THE TASK
The required output is a word-for-word restatement of the material below, from the line with "Charming 4-Bed Home in Epping" through its last line, inclusive.

WORKING DATA
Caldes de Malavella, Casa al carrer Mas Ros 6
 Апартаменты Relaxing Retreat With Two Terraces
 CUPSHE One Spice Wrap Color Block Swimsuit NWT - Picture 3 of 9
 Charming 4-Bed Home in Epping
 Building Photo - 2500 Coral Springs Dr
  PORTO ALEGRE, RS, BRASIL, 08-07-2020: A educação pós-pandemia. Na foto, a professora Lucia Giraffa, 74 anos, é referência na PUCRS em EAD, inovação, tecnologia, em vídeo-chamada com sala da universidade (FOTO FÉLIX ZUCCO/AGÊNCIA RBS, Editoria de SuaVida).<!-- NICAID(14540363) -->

RESPONSE TO THIS TASK
 Charming 4-Bed Home in Epping
 Building Photo - 2500 Coral Springs Dr
  PORTO ALEGRE, RS, BRASIL, 08-07-2020: A educação pós-pandemia. Na foto, a professora Lucia Giraffa, 74 anos, é referência na PUCRS em EAD, inovação, tecnologia, em vídeo-chamada com sala da universidade (FOTO FÉLIX ZUCCO/AGÊNCIA RBS, Editoria de SuaVida).<!-- NICAID(14540363) -->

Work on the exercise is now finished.